España consiguió recuperar la libertad perdida tras ocho siglos de Reconquista. Desgraciadamente los cristianos de Siria aún siguen padeciendo este flagelo
Sánchez Adalid logra con gran talento narrativo reconstruir el contexto histórico de persecución y presión social que llevó al comienzo de la lenta agonía del Cristianismo en Siria, tierra de padres de la Iglesia y de santos donde la Iglesia primero conoció el nombre de cristiana (Antioquía, año 37). Una agonía que continúa hoy día ante nuestros ojos todos los días en los telediarios.
Se requiere no sólo talento, del cual Sánchez Adalid anda sobrado, sino también valentía para abordar con la libertad de espíritu con que lo hace esta temática tan delicada y sensible de la persecución de los cristianos a manos del Islam antes y ahora, una temática polémica ante la que muchos prefieren volver el rostro e ignorarla.
Sánchez Adalid lo ha hecho con brillantez.
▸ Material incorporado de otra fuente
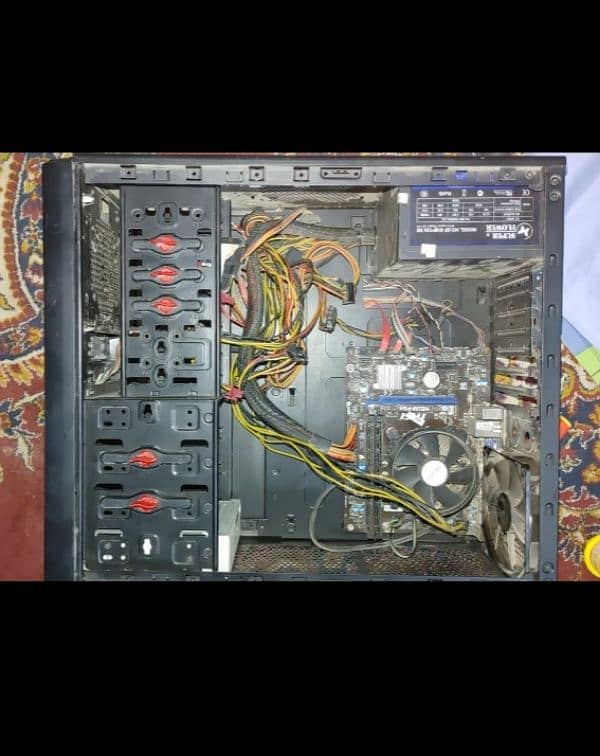 Intel i5 4th generation computer 6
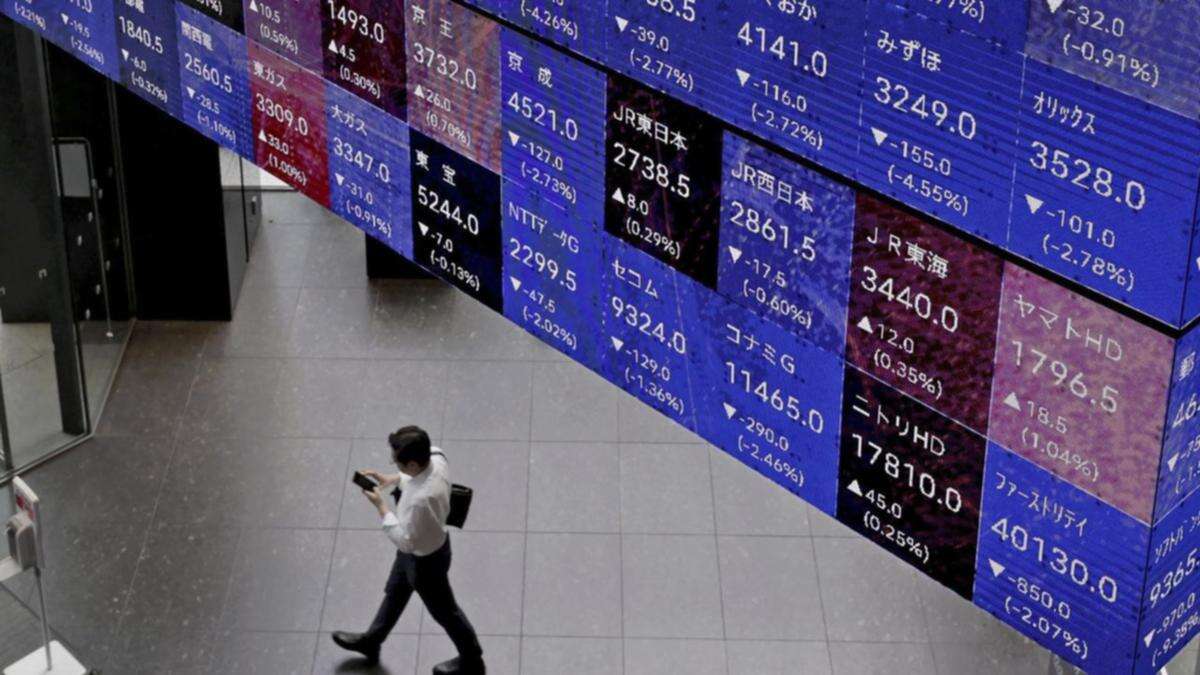 Asian stocks sit tight, yen firms as BOJ beckons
Su novela comienza con el exilio del último obispo de la Toledo visigoda en Roma, huyendo de la invasión musulmana del año 711. A las puertas de las murallas de Roma los exiliados hispano-godos son acogidos con afecto por otro refugiado, el Papa Constantino, él mismo procedente de la Siria ocupada por el Islam Omeya. Este encuentro a las puertas de Roma simboliza la comunión entre los cristianos de Occidente y Oriente. Y también expresa la cruda realidad de una Iglesia perseguida en Siria y España, en los dos confines del Mediterráneo.
España consiguió recuperar la libertad perdida tras ocho siglos de Reconquista. Desgraciadamente los cristianos de Siria aún siguen padeciendo este flagelo. Cabría preguntarse si la reacción de los cristianos de Occidente ha sido tan generosa como la de los del siglo VII con sus hermanos perseguidos de Oriente.